Ben oltre i semplicistici giochi narrativi che hanno mosso e che muovo i vari personaggi nell’episodio conclusivo, “Somebody to Love” definisce e dà un colore distinto al doppio filo che unisce gli estremi dell’etica dell’umanità rappresentata in Fargo: non esistono “grigi” nella realtà terrena, solo bianchi e neri, il bene o il male, nessuna via di uscita.
Curiosa in tal senso la decisione dello showrunner Hawley di risolvere le intricacies degli omicidi multipli legati alle fortune/sfortune dei gemelli Stussy su un freddo tavolo di una prigione federale del Minnesota in uno scambio di battute al fulmicotone tra il bene assoluto (la polizia federale nordamericana rappresentata dalla umanissima Gloria Burgle) e il male assoluto ed incomprensibile con i panni lupeschi di V.M Varga, dove forse la partita per il possesso della Terra rimane (e sempre rimarrà) in inevitabile pareggio.

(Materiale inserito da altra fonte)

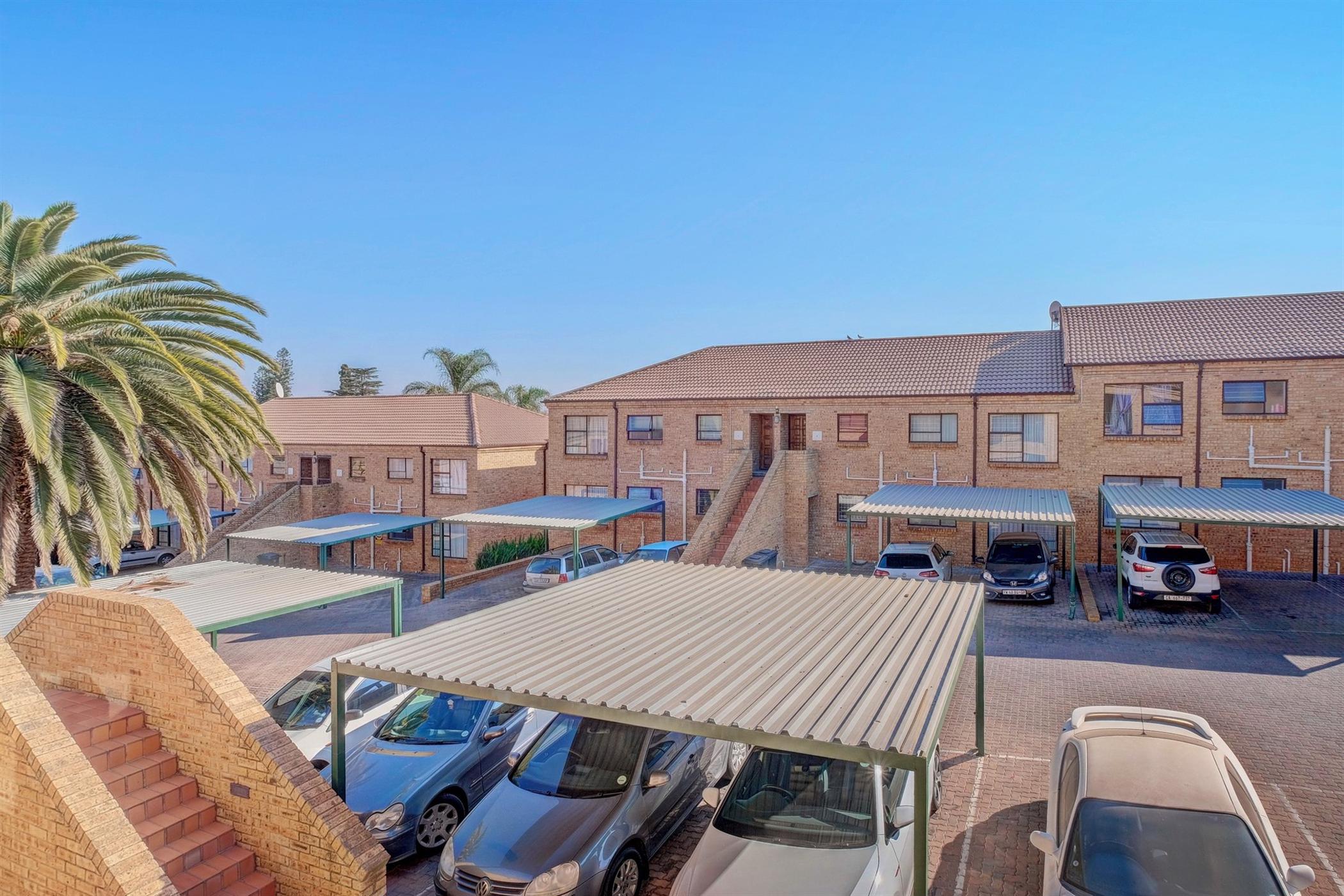 2 Bedroom Apartment For Sale Ferndale (Randburg) 1RG1451608 Pam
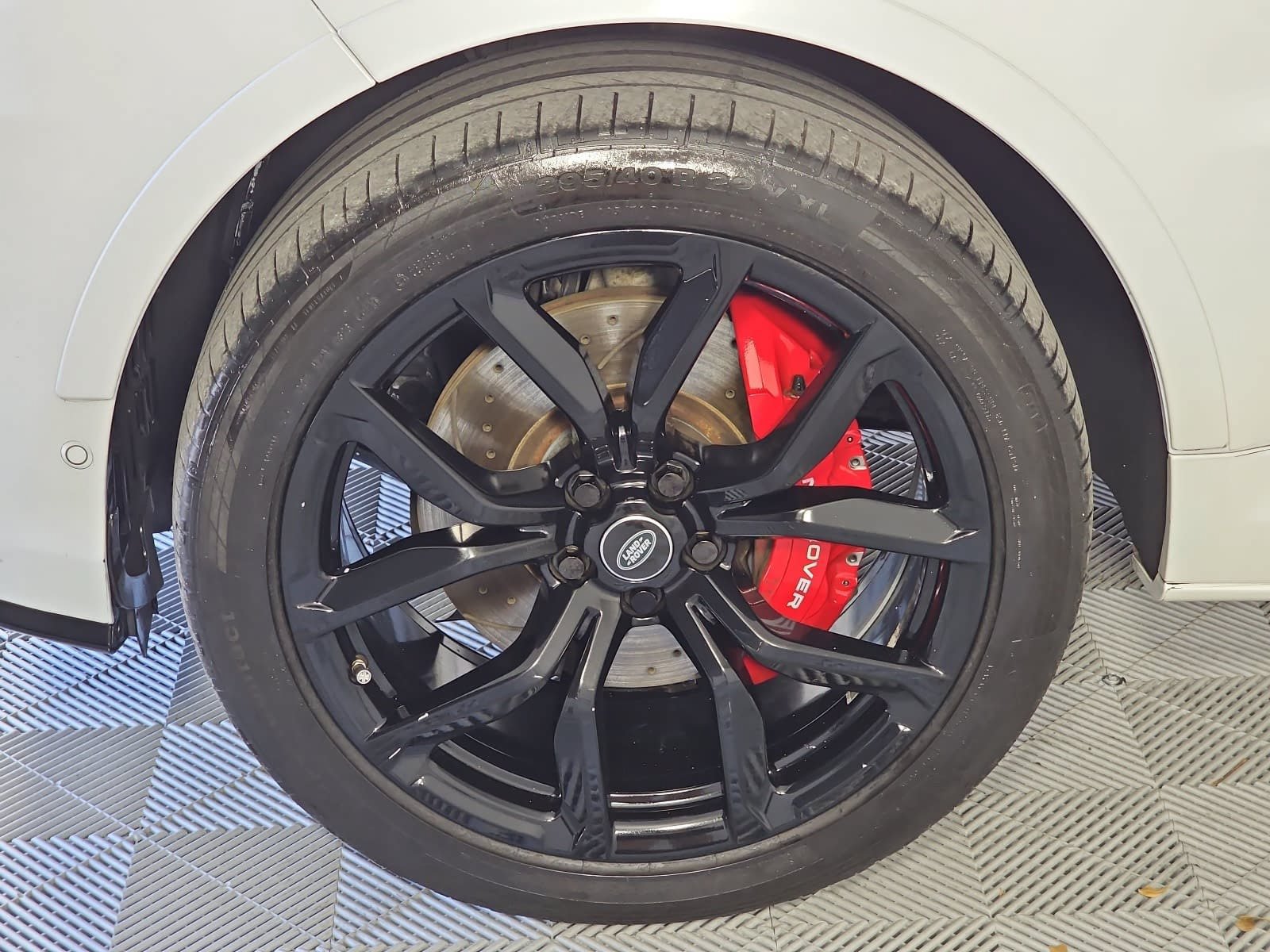 Used 2018 Land Rover Range Rover Sport SVR AWD/4WD image 10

Una disamina del cuore umano e di un mondo sempre più votato all’illogicità delle azioni e al rovesciamento della morale (ma c’è una morale?) già presente ampiamente nella filmografia dei due produttori esecutivi, i fratelli Coen, il vero e proprio carburante delle urgenze narrative create da Hawley per il piccolo schermo, ma con la sensibilità da grande narratore cinematografico. Un plauso finale va inoltre a tutto il cast, uniformemente in stato di grazia: Ewan McGregor, Carrie Coon, Mary Elizabeth Winstead, David Thewlis e Michael Sthulbarg.
Il destino televisivo di Fargo è ancora incerto, stando alle parole di Hawley; ci rivedremo (forse) tra un paio d’anni.